Pour certaines personnes, ce n’est pas une option. Travail, famille, mission, transit.

Dans ce cas :

  • dormez dans un hébergement qui a des procédures claires, pas juste « pas cher et bien noté »
  • demandez explicitement quelles zones sont déconseillées en ce moment
  • identifiez un contact local joignable, pas seulement un WhatsApp silencieux
  • gardez vos documents en ordre, et des copies séparées
  • évitez les discussions politiques, même « légères », même pour rire

Et si vous dépendez d’un organisme : suivez leurs consignes. Ce sont souvent des règles écrites après des incidents. Pas après des débats théoriques.

Ce qu’il faut retenir

Kaboul n’est pas uniforme. Il y a des secteurs plus exposés, souvent autour des zones diplomatiques, des bâtiments officiels, des grands axes, des quartiers très fréquentés, et des périphéries où l’isolement augmente le risque. Wazir Akbar Khan, Shahr-e Naw, certaines zones de Karte Seh et Karte Char, Dasht-e Barchi selon les périodes, et les abords des checkpoints méritent une prudence particulière, voire d’être évités selon le contexte.

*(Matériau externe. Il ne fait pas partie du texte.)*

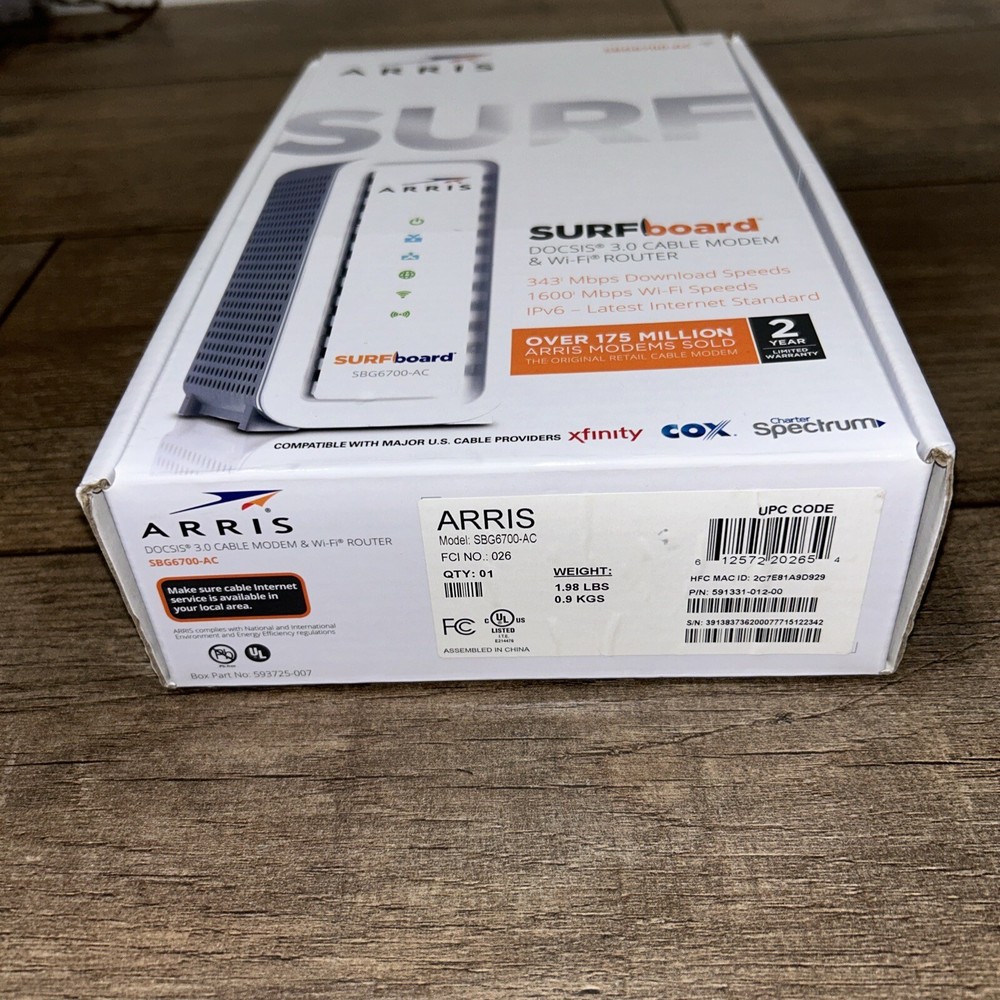 Arris Surfboard SBG6700-AC Wireless Cable Modem Gateway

Mais la vérité, c’est que la « bonne » décision se prend souvent sur le moment. Avec des signaux faibles. Une rue qui se vide. Un contrôle qui se durcit. Une tension dans l’air.

Si vous ne deviez garder qu’une idée : à Kaboul, la sécurité, c’est moins le courage que la discrétion. Et la capacité à renoncer. À faire demi tour sans ego. À dire non, sans justification. Et à rentrer entier, ce qui est quand même le but.

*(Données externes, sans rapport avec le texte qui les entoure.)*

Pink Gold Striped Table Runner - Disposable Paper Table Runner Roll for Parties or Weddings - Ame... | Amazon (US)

Questions fréquemment posées

Pourquoi Kaboul ne se visite-t-elle pas comme Rome, Istanbul ou Dubaï ?

Kaboul est une capitale sous tension avec des risques sécuritaires changeants et parfois imprévisibles. Contrairement à des villes comme Rome, Istanbul ou Dubaï, elle nécessite une vigilance accrue car certains quartiers peuvent être sensibles et présenter des risques plus élevés.

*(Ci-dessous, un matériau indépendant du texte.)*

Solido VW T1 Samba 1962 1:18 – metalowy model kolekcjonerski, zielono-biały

Quels sont les facteurs qui rendent certains quartiers de Kaboul plus sensibles ?

Les zones sensibles à Kaboul sont souvent situées autour des bâtiments gouvernementaux, des représentations étrangères, des grands axes très fréquentés, ainsi que des lieux symboliques ou religieux en période sensible. La visibilité d'un étranger attire aussi parfois les mauvaises opportunités.

Quels conseils donner avant de visiter Kaboul ?

Il est essentiel de se tenir informé via les avis aux voyageurs officiels, agences de sécurité, ONG locales et contacts fiables. La situation évolue rapidement, donc disposer d'informations à jour est crucial. De plus, éviter les quartiers sensibles et adopter une attitude discrète est recommandé.

Pourquoi faut-il faire preuve de prudence dans le quartier Wazir Akbar Khan ?

Wazir Akbar Khan est une zone diplomatique abritant de nombreuses ambassades et organisations internationales. Historiquement cible d'attaques, elle reste sensible avec des contrôles renforcés. Il est conseillé d'y aller uniquement pour des raisons précises, en véhicule et sans stationner longtemps.

Comment aborder la visite du quartier Shahr-e Naw à Kaboul ?

Shahr-e Naw est un secteur central animé avec commerces et restaurants où circulent des étrangers. La prudence doit y être renforcée : éviter les attroupements, rassemblements inattendus et ne pas filmer excessivement pour réduire les risques liés à la surveillance.

Que faut-il savoir sur les zones Karte Seh et Karte Char ?

Ces zones mixtes comportent marchés, carrefours et résidences. Leur ambiance peut varier rapidement selon les incidents locaux. Il est conseillé de rester vigilant car ces secteurs peuvent passer d'une situation normale à tendue sans avertissement clair.